Material for this exercise:
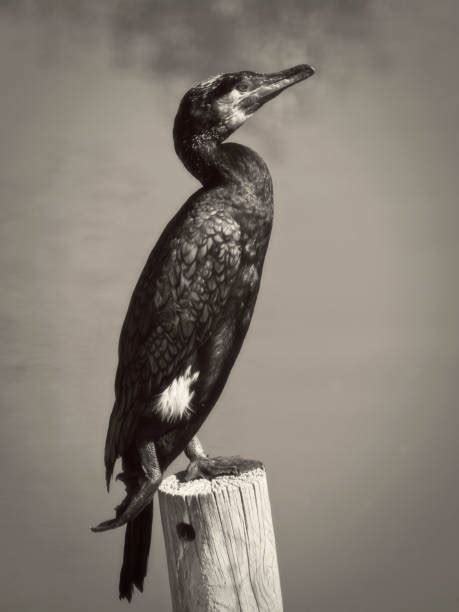 2,400+ Cormorant Fishing Japan Stock Photos, Pictures & Royalty-Free Images - iStock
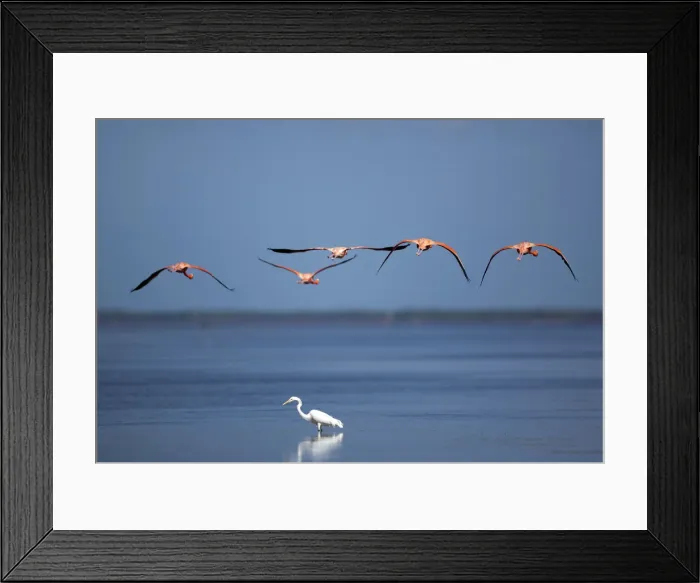 Framed Print : Flamingos fly over a heron at a wetland reserve in Celestun in Mexicos Yucatan Peninsula Framed Print : Flamingos fly over a heron at a wetland reserve in Celestun in Mexicos Yucatan Peninsula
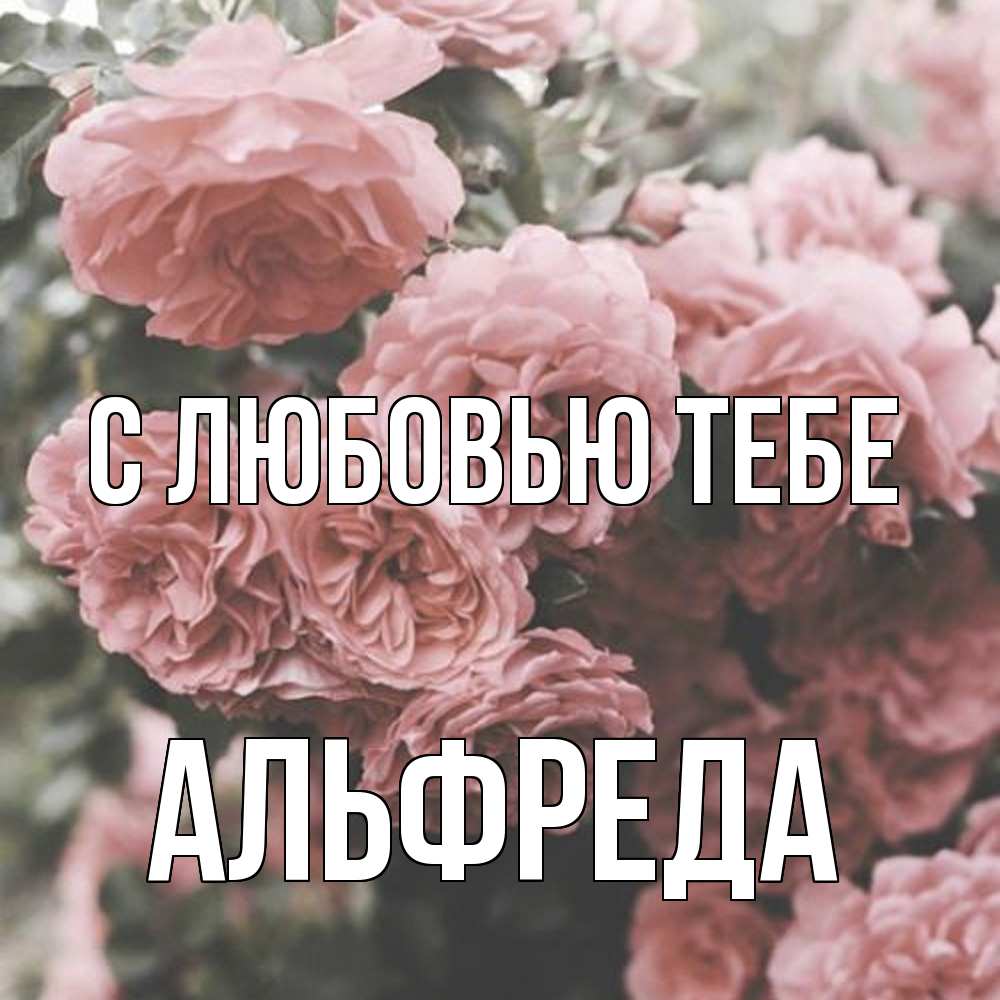 Открытка на каждый день с именем, Альфреда С любовью тебе розы 3 Прикольная открытка с пожеланием онлайн скачать бесплатно 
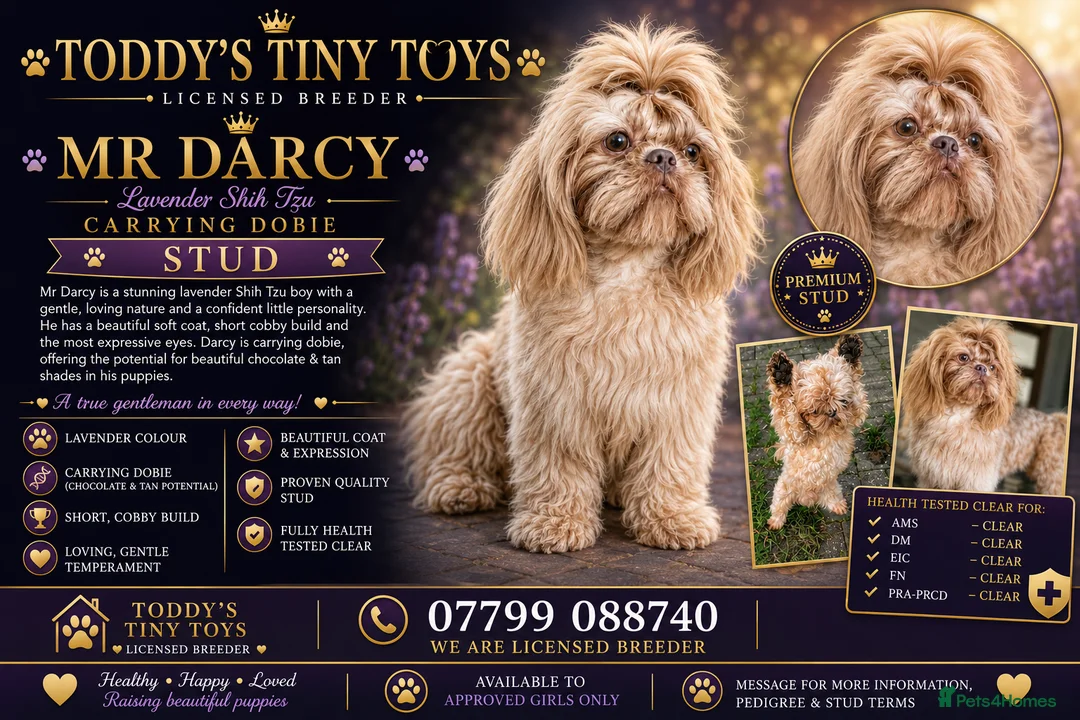 Shih Tzu dogs for stud: Lavender shih tzu stud - Advert 1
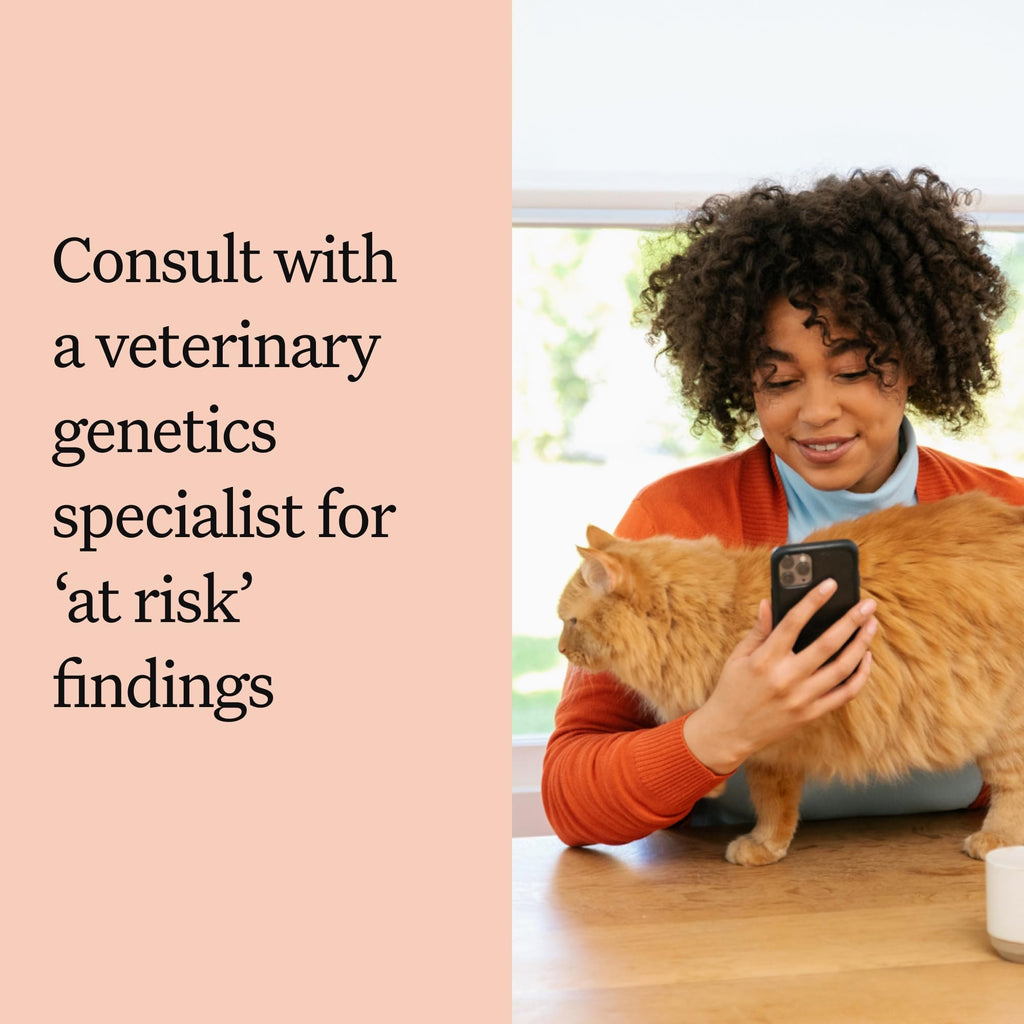 Cat DNA Test Kit, 45 Health Conditions, 1 Pack Y19197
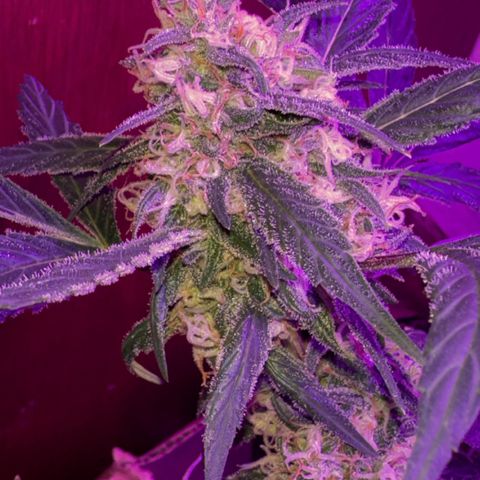 Mimosa growlog timeline photo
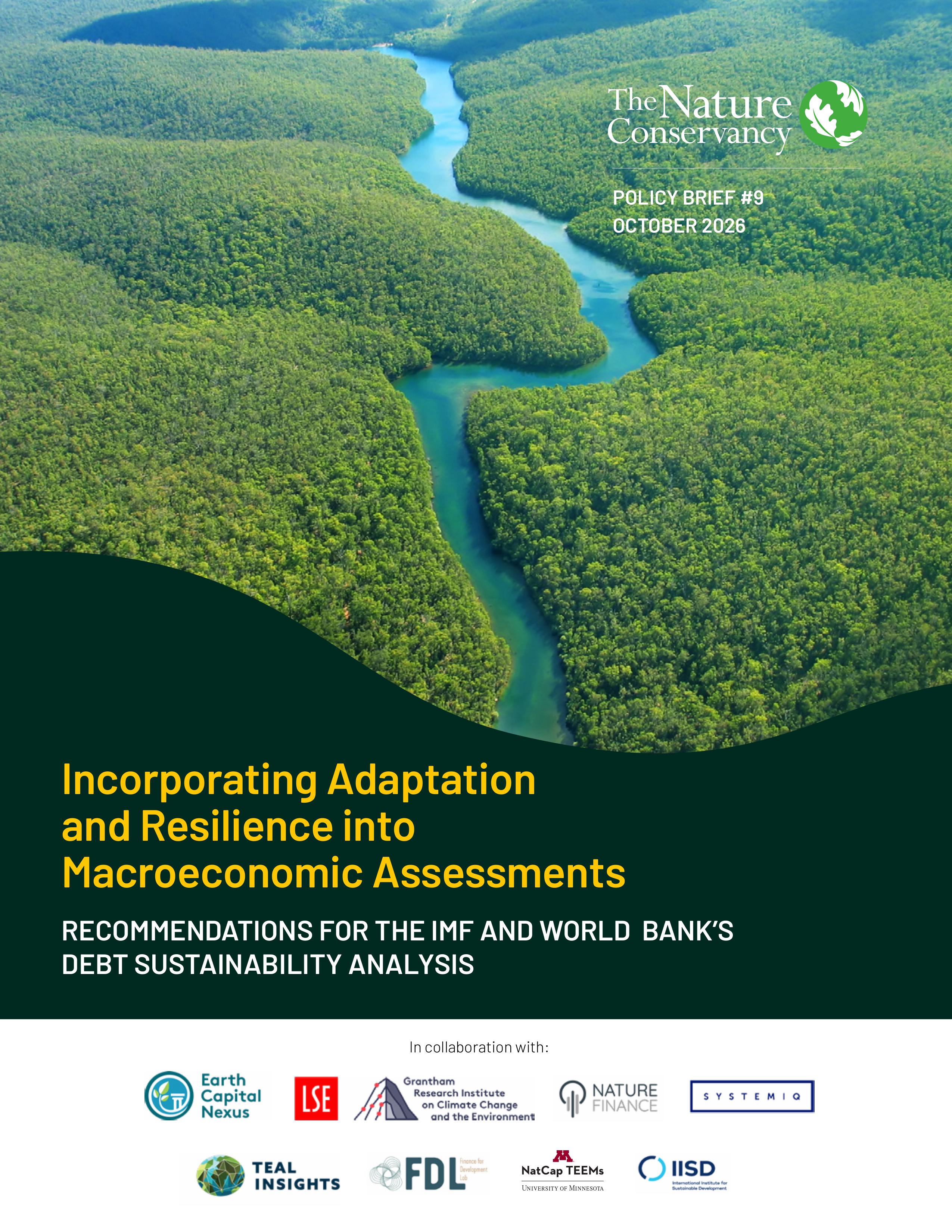 Cover image for Incorporating Adaptation and Resilience into Macroeconomic Assessments policy brief.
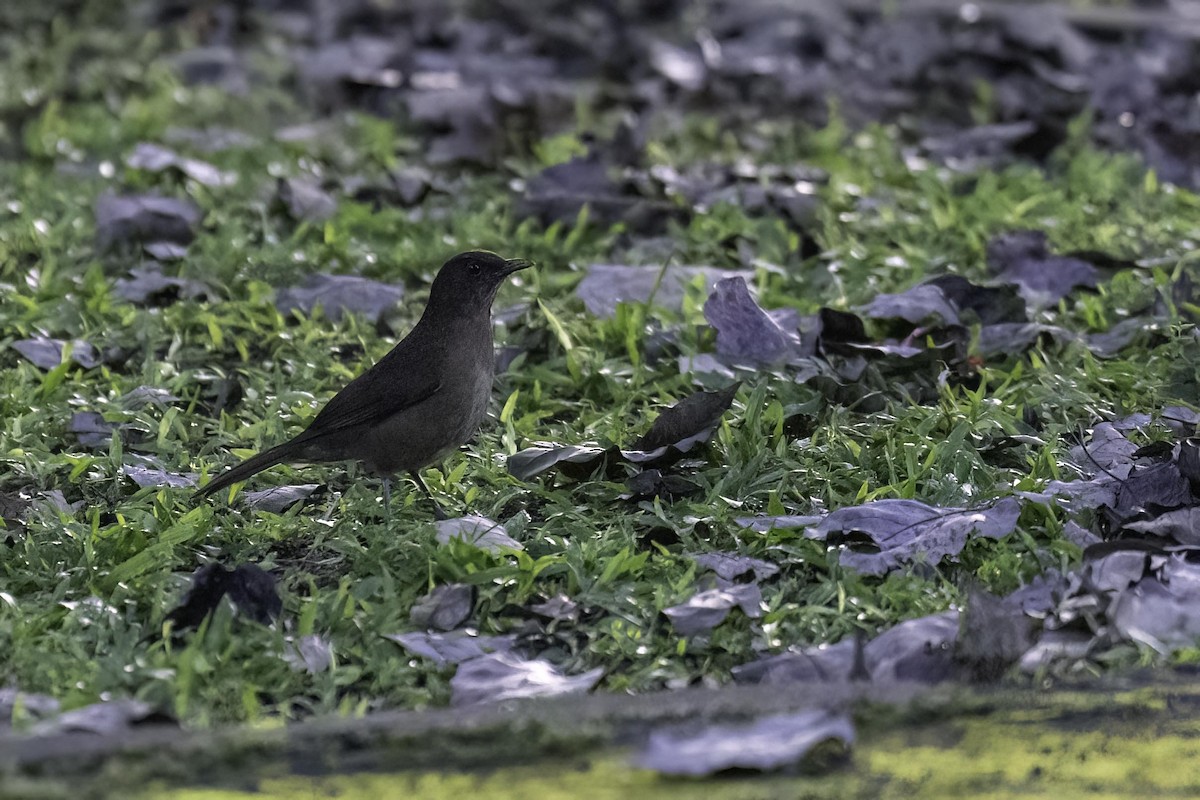 Clay-colored Thrush - ML647352473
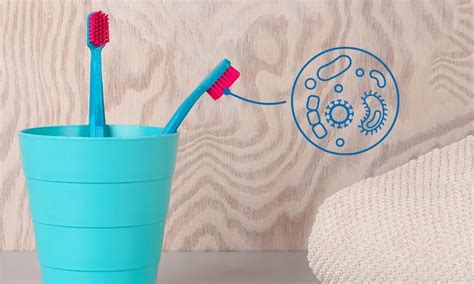 History The Evolution Of Tooth Brushing Curaprox
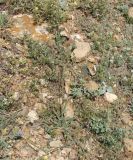 Leontodon asperrimus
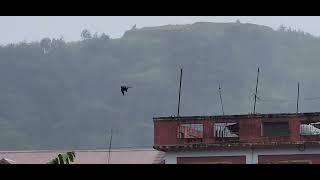 Typhoon Carina sa Brgy Poblacion La Trinidad Benguet [upl. by Cochrane]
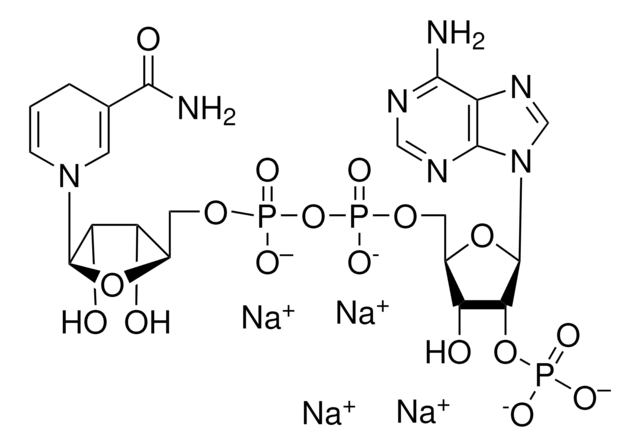 &#946;-Nicotinamide adenine dinucleotide 2&#8242;-phosphate reduced tetrasodium salt vial of 1&#160;mg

What is being asked:
Please write out the material from the line containing "History The Evolution" to its final line, both inclusive, exactly as it appears; pictures are not part of the copy.

Answer area:
 History The Evolution Of Tooth Brushing Curaprox
 Leontodon asperrimus
 Typhoon Carina sa Brgy Poblacion La Trinidad Benguet [upl. by Cochrane]
 &#946;-Nicotinamide adenine dinucleotide 2&#8242;-phosphate reduced tetrasodium salt vial of 1&#160;mg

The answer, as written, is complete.